> Requirement: Below are some records; copy each line in them that contains "Pipe".

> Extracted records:
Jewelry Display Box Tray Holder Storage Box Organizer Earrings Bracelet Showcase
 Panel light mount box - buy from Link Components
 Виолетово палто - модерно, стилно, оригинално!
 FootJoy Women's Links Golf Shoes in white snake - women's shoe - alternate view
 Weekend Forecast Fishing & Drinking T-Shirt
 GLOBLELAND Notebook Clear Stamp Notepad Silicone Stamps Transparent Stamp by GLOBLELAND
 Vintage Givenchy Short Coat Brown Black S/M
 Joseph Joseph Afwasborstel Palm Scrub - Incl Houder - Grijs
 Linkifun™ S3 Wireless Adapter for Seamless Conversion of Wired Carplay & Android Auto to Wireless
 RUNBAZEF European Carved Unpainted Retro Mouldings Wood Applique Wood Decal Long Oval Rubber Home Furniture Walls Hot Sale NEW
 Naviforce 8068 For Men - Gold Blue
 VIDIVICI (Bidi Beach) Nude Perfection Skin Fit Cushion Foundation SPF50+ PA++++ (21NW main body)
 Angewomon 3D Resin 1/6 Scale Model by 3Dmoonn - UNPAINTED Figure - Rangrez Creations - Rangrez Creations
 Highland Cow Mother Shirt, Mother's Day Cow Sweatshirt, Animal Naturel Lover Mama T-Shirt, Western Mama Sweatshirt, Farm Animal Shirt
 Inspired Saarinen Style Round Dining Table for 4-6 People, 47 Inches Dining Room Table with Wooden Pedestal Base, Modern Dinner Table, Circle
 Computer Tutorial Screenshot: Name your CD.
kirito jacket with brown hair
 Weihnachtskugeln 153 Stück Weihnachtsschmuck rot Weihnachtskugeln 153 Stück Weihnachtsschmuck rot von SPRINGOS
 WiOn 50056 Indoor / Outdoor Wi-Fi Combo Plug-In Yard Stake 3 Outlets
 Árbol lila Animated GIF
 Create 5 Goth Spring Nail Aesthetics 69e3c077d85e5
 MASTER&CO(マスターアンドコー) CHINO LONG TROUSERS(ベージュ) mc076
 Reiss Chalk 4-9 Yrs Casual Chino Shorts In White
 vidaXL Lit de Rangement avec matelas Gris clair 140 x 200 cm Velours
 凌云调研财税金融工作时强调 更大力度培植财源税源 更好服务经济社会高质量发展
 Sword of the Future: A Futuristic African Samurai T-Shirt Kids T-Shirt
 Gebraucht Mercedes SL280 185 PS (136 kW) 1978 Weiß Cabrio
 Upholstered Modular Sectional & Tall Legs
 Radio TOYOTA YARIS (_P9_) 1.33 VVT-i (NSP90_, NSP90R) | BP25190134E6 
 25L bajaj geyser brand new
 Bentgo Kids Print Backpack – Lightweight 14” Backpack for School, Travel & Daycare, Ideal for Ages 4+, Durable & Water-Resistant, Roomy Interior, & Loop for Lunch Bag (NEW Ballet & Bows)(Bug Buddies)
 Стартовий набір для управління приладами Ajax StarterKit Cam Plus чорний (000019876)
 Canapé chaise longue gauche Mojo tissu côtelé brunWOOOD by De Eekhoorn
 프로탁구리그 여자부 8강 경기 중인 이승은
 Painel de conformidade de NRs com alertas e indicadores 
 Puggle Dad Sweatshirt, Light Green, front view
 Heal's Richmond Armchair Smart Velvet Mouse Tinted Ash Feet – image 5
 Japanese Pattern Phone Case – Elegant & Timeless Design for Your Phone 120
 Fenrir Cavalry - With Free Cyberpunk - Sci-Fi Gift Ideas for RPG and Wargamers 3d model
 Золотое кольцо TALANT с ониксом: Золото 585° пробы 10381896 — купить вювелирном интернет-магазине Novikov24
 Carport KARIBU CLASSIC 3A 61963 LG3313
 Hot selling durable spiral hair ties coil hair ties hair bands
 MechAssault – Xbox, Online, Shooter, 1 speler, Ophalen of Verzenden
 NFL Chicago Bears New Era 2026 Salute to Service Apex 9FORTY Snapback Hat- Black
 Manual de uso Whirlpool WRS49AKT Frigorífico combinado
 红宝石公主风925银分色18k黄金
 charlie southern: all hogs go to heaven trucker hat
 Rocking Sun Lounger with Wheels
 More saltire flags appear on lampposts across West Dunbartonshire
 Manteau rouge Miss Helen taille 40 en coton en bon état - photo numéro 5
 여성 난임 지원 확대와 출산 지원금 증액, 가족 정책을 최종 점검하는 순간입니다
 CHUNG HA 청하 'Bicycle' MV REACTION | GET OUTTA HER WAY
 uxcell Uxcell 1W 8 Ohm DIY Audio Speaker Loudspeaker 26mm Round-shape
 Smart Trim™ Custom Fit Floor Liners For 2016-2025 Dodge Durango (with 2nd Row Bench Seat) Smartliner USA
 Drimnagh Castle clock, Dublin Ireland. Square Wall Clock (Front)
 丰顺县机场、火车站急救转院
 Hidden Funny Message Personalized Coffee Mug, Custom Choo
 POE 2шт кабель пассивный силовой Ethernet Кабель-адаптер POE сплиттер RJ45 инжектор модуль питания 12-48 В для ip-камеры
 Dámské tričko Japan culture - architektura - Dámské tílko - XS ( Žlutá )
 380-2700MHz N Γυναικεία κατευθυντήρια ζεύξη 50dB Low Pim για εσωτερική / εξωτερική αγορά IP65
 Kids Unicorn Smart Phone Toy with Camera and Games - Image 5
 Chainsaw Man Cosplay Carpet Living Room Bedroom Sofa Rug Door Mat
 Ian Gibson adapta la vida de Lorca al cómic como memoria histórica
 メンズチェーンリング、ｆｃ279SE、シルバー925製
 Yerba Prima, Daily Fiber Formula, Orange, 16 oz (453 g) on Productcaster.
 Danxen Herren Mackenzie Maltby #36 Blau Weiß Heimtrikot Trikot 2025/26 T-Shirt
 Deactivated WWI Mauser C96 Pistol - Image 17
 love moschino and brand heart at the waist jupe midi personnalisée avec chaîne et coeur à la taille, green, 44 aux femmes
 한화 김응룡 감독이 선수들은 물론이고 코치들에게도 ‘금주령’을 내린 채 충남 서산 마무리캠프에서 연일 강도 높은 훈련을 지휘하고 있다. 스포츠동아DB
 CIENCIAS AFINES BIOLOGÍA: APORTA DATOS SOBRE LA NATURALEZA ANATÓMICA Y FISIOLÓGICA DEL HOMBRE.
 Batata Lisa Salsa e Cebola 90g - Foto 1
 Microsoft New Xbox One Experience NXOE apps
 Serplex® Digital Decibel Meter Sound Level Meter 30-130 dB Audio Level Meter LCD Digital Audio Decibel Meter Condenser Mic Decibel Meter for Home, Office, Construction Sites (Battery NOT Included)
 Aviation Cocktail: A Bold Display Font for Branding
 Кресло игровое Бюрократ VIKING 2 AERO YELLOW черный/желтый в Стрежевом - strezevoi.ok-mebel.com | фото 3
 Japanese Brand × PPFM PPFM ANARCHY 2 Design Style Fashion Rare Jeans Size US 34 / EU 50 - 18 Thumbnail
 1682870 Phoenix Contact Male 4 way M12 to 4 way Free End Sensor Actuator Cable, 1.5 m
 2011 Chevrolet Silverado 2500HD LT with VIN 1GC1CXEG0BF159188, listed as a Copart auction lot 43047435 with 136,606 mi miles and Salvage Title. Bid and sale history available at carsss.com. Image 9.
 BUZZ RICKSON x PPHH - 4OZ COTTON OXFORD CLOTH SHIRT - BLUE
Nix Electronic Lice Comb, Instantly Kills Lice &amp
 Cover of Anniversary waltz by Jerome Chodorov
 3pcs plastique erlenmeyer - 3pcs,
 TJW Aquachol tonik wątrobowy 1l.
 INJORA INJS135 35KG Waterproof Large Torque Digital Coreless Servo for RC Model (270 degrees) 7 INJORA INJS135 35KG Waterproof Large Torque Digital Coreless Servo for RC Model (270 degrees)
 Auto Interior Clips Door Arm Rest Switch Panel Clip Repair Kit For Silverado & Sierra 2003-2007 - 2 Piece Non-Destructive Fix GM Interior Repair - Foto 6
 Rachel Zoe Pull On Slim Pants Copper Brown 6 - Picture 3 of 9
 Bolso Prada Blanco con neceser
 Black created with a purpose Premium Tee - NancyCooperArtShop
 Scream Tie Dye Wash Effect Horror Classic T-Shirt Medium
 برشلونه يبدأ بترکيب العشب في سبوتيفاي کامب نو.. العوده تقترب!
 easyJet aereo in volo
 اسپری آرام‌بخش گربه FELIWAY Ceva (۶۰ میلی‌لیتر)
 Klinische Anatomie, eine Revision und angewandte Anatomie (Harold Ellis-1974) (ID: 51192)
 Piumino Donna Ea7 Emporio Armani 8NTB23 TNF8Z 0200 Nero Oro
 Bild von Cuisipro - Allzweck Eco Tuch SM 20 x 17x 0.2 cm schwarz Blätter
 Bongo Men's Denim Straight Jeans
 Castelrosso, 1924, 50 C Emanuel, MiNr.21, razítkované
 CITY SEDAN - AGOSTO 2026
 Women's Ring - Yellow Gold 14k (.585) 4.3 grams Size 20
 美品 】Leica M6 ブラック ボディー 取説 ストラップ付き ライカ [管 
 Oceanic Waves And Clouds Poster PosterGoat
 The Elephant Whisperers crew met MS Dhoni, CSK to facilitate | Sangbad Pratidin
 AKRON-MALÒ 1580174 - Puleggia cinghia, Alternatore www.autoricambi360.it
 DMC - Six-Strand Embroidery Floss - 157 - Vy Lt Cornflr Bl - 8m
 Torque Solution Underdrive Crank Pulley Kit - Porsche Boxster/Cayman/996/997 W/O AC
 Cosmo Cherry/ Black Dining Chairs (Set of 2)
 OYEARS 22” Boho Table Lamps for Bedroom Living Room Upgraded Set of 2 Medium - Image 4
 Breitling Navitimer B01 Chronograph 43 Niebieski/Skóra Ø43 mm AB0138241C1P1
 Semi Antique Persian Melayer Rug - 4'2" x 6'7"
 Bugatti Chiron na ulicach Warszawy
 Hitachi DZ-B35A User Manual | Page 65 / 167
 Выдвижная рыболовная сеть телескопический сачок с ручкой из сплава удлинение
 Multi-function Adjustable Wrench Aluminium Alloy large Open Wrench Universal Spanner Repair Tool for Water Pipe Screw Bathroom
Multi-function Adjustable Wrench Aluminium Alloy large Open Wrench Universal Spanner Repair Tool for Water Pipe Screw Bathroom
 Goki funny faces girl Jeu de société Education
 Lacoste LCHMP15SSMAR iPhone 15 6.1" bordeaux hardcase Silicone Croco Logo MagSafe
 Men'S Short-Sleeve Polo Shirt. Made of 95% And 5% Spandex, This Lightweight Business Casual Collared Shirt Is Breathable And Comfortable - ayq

> Reply to the exercise:
 Multi-function Adjustable Wrench Aluminium Alloy large Open Wrench Universal Spanner Repair Tool for Water Pipe Screw Bathroom
Multi-function Adjustable Wrench Aluminium Alloy large Open Wrench Universal Spanner Repair Tool for Water Pipe Screw Bathroom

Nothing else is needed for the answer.